Gottardo Piazzoni. Gottardo Fidele Piazzoni was a Swiss-born American landscape painter, muralist and sculptor of Italian heritage, a key member of the school of Northern California artists in the early 1900s.
   Born in Intragna, Switzerland, Piazzoni moved at the age of 15 to his father's dairy farm in the Carmel Valley. After training with Arthur Frank Mathews at the Mark Hopkins Institute of Art, Piazzoni trained for three years in Paris at the Académie Julian and under Jean-Léon Gérôme.
   He then returned to California to begin his career and set up his own teaching studio. Specializing in landscapes in a muted palette, most scholars count Piazzoni among the Tonalists, and was one of the most influential exponents of this style in California.
   He sought out the lighting effects of certain times of day, taking a special interest in full moonrises, the viewing of which became a family ritual. Venturing up a hill, the family would cheer the appearance of the moon.
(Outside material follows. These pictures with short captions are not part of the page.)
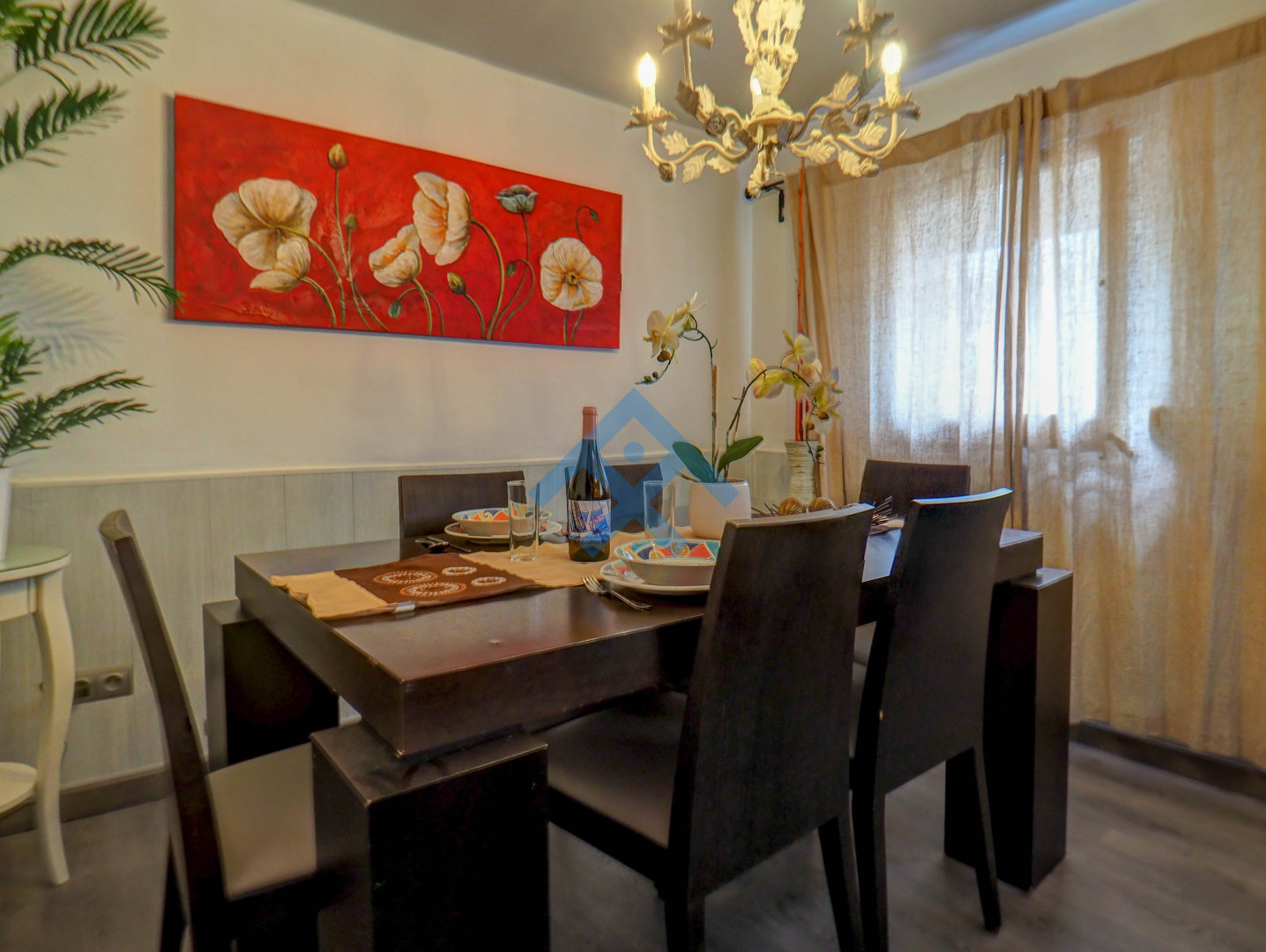 Rubi Apartment - 29424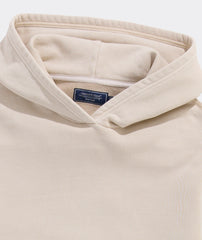 Surf Hoodie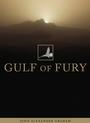 Gulf of Fury profile picture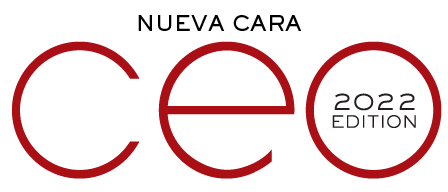 NUEVA-CARA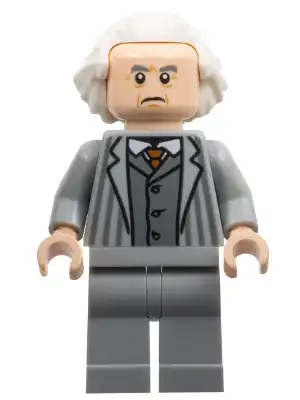 Zdjecię zestawu, części lub minifigurki LEGO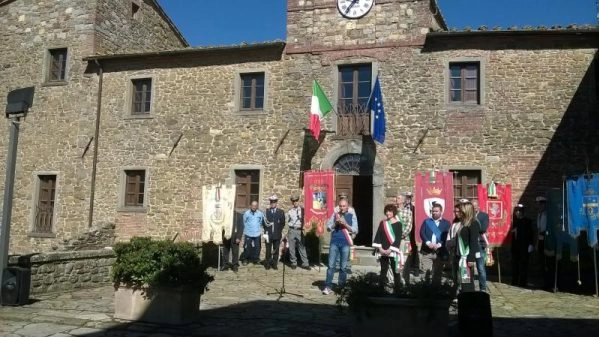 San Pancrazio San Pancrazio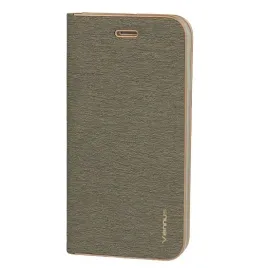 kabura-vennus-apple-iphone-12-mini-vennus-szary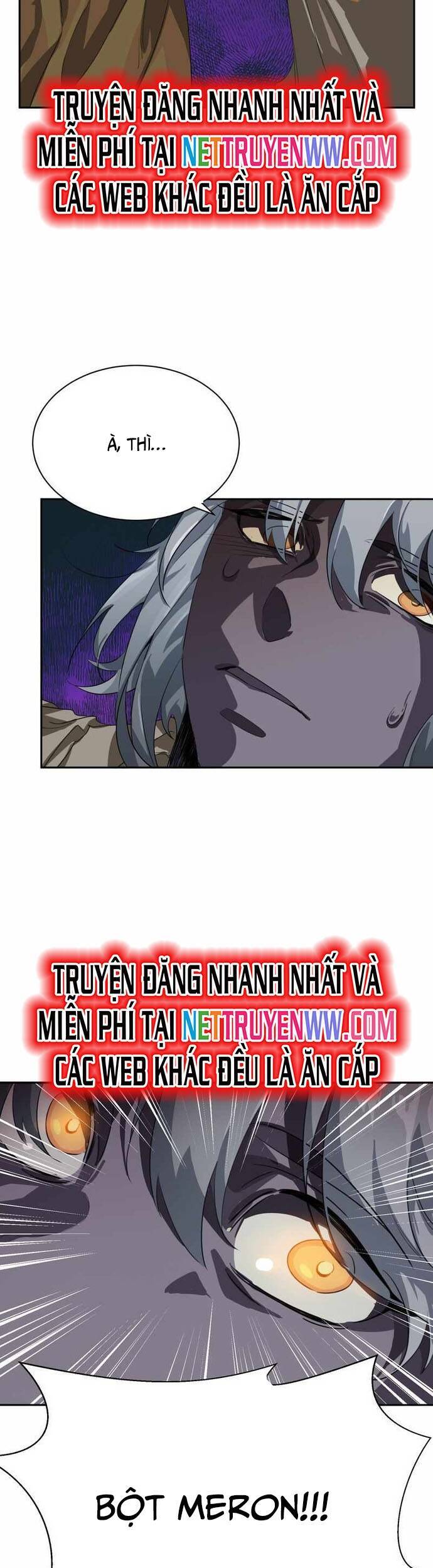 Chúa Tể Goblin Chapter 5 - 11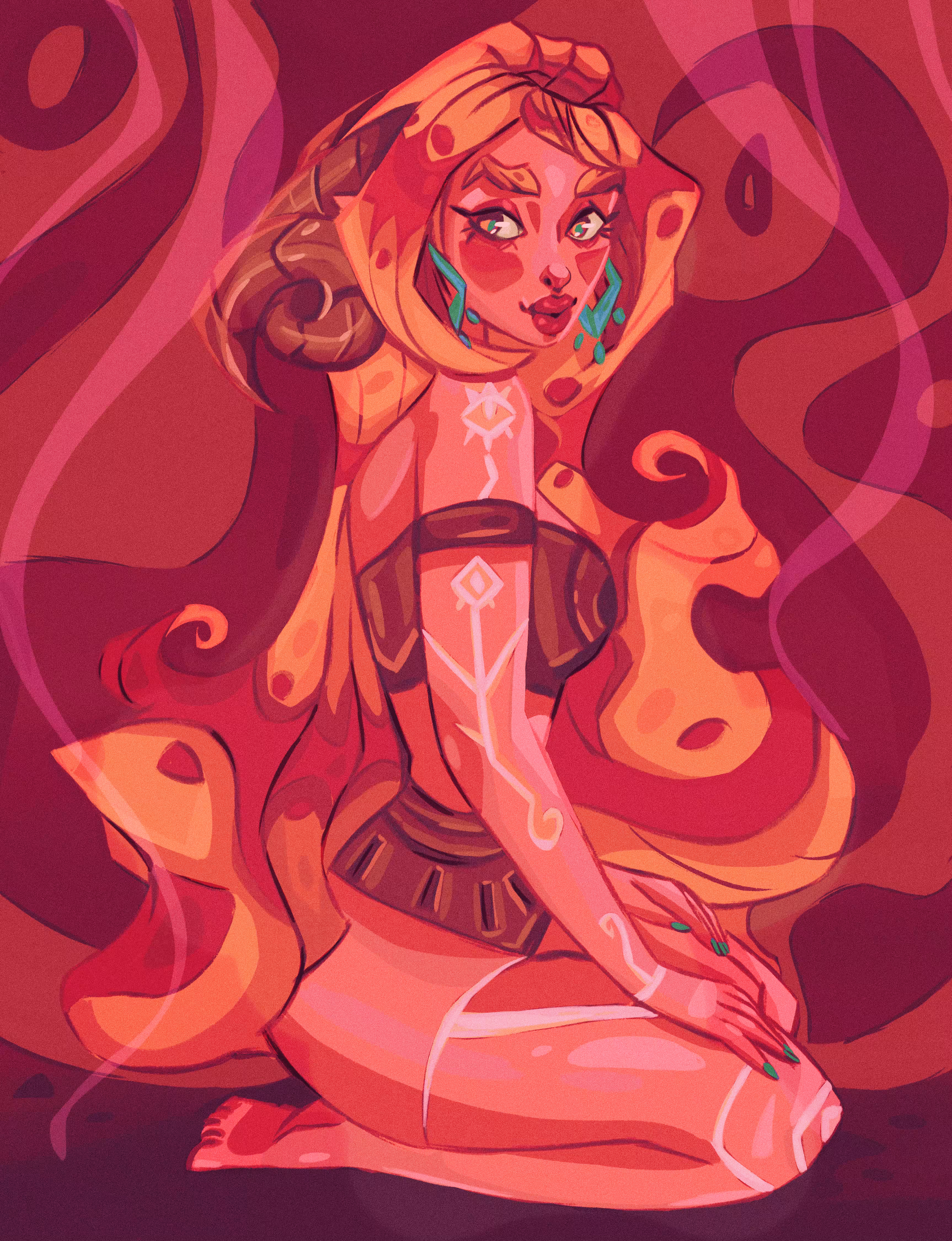 Electra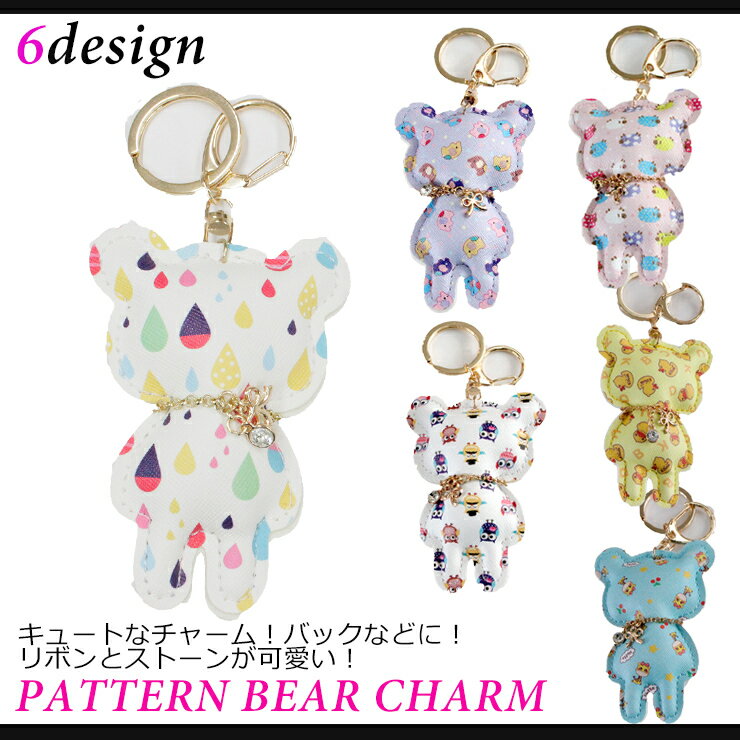 ylR|XIzp^[ ܃`[ L[Ot `[ L[z_[ N} obN`[ fB[X F Aj} { Xg[02P05Nov16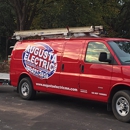 Augusta Electric, Inc. - Electricians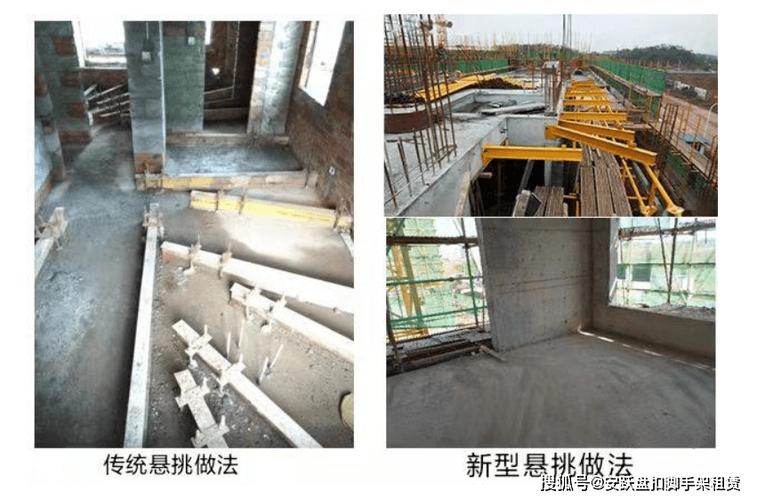 斜拉杆钢结构雨棚图_斜拉杆钢结构雨棚图7米_钢结构斜拉杆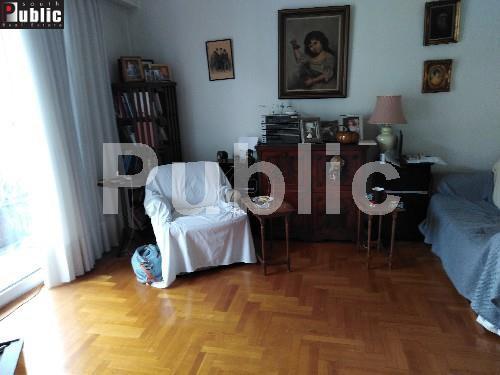 Διαμέρισμα 112 τ.μ. προς πώληση, Ομόνοια Αθήνας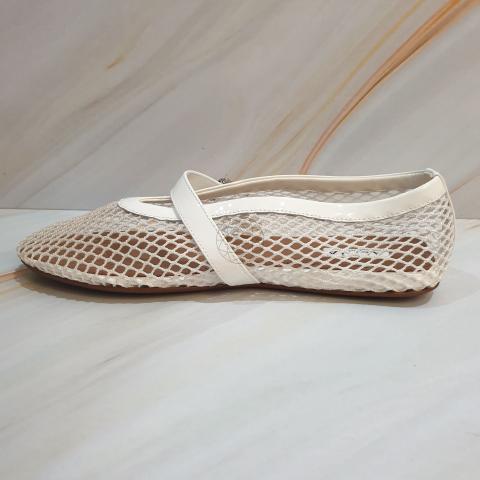 Large Product Preview Image 7
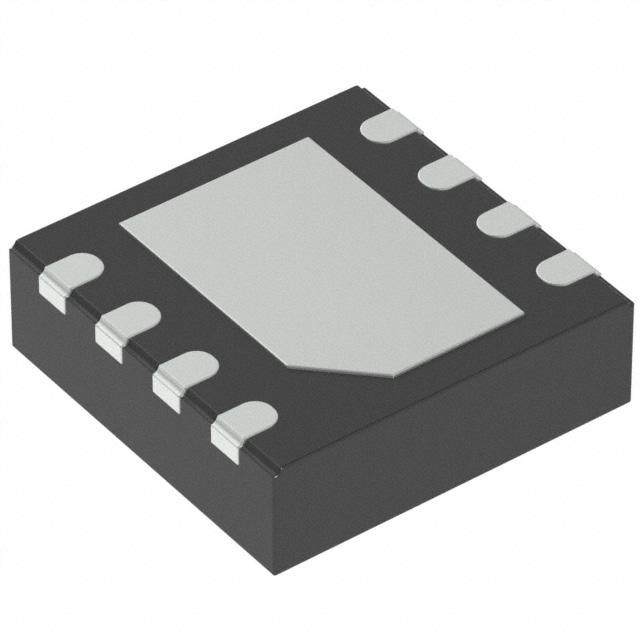 THVD1450DRBR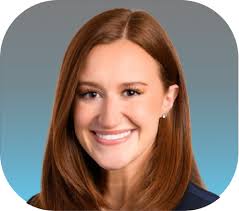 Meet the IFG Brain Trust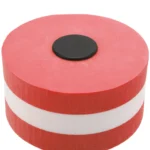 kf-Sb163e01b681349e3864971ed1b59340cI-2pcs-EVA-Water-Dumbbell-Yoga-Exercise-Dumbbell-Foam-Floating-Dumbbell-For-Men-Women-Kids-Fitness-Supplies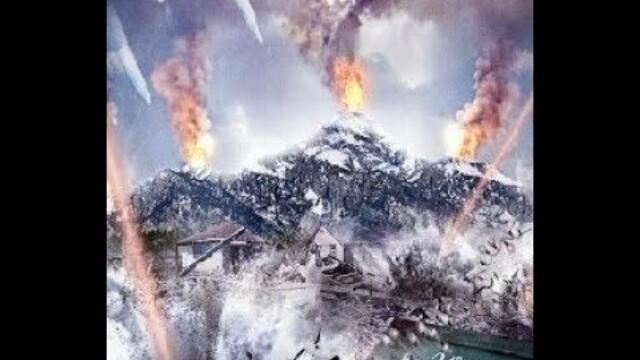 Дванайсетте стихии - БГ аудио (BG audio)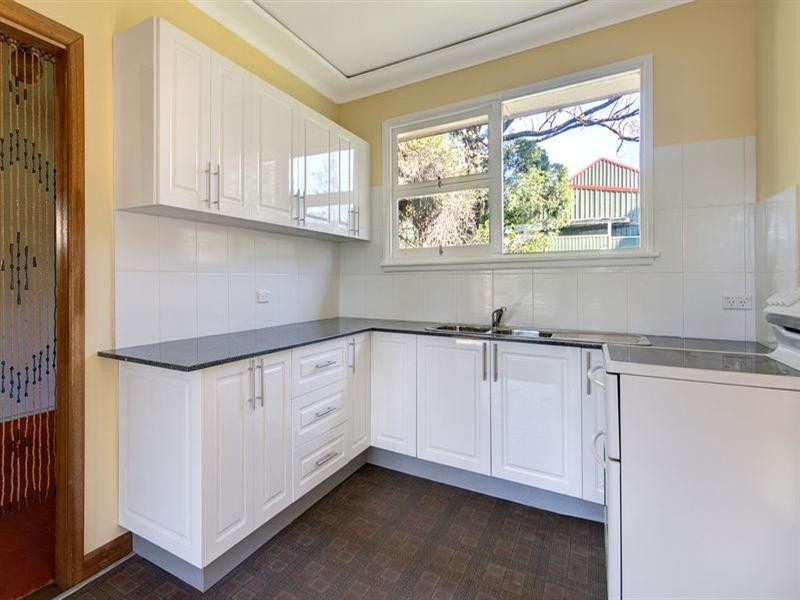 114 Burke Road, Dapto NSW 2530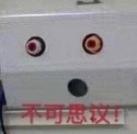 猩猩扔水瓶砸伤游客账号,动物园称猩猩砸伤游客系正当防卫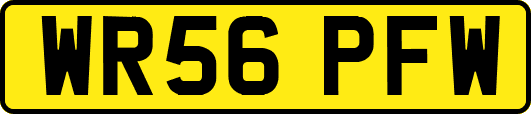 WR56PFW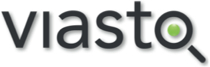 viasto GmbH - innovatives Start-up-Unternehmen aus Berlin viasto GmbH - innovatives Start-up-Unternehmen aus Berlin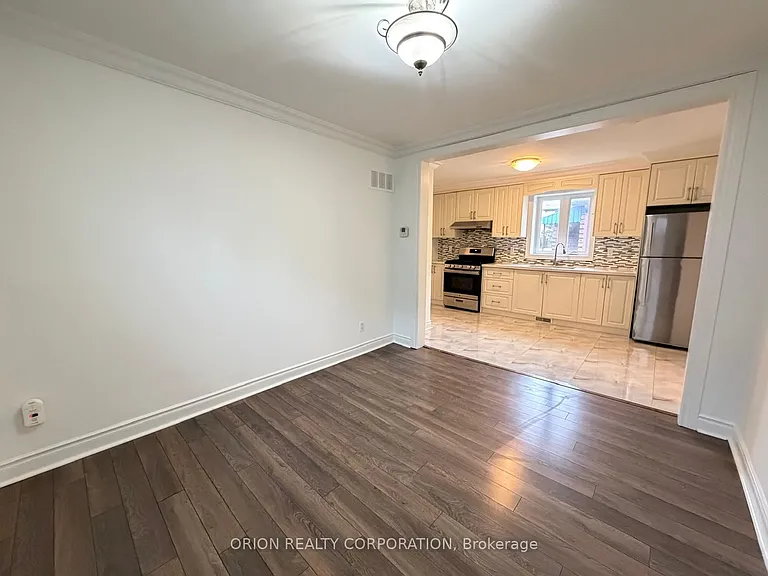 266 Viewmount Ave — Photo 11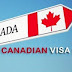 *CANADA Visa Lottery Application Form 2021/2022 Is Out*  updated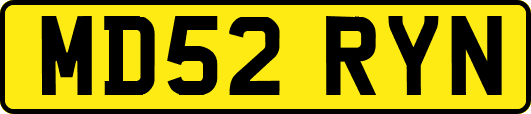 MD52RYN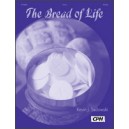 Bread Of Life, The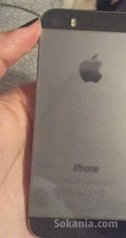 IPhone 5S 64g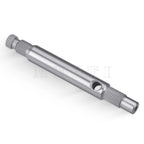 Spindle Gear Shift 24611-HM7-000 for Honda TRX400FW TRX450FM TRX250TM TRX250EX (1998–2009)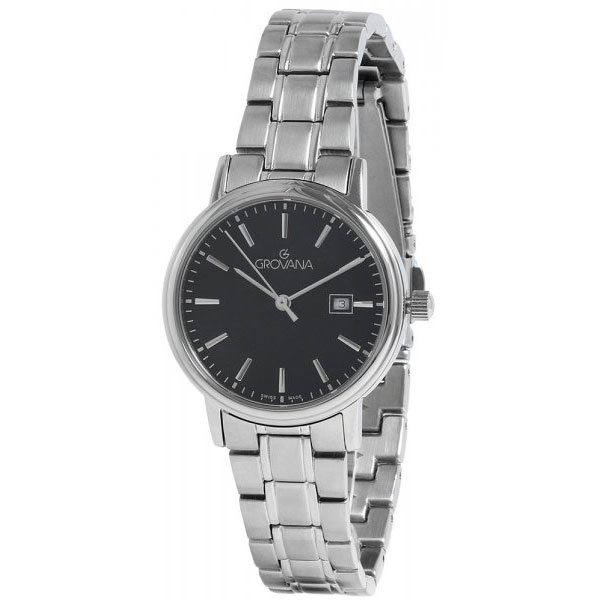 Часы Grovana Traditional 5550.1134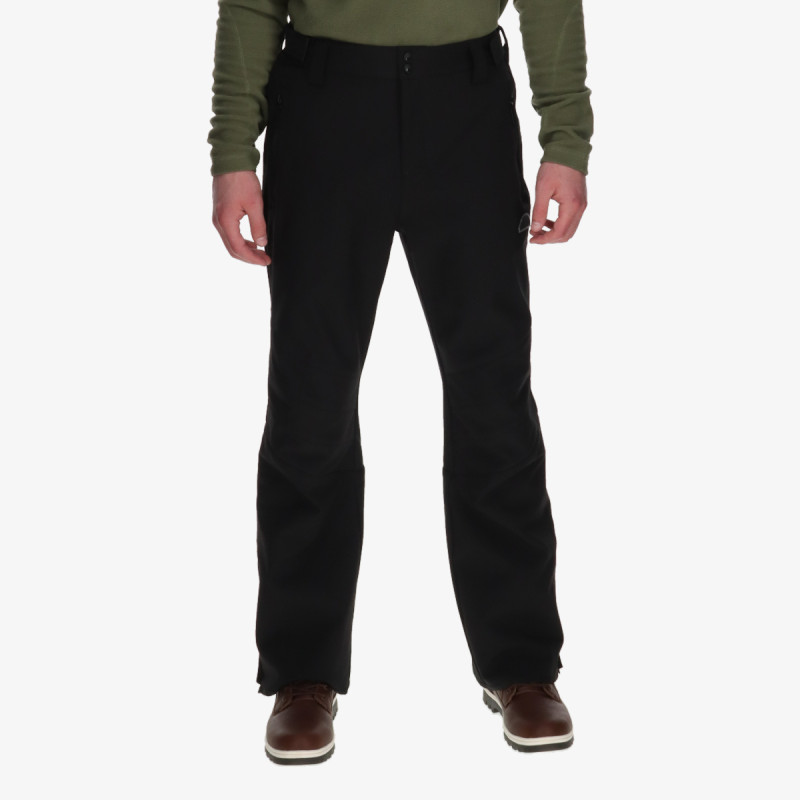ELLESSE MENS SKI PANTS 
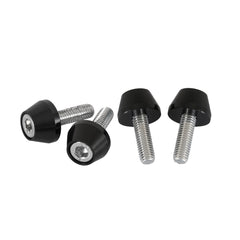 Motone shock dress up bolts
   Piazzoni knew the exact time for each moonrise and kept precise records. He was able to portray the essential qualities of a scene and achieve a strong mood, using only minimal descriptive details. Piazzoni's best-known public work may be his 14 murals for the former headquarters of the San Francisco Public Library for architect George W. Kelham, ten of them dating from 1932, the other four painted in 1945 and not installed until the 1970s.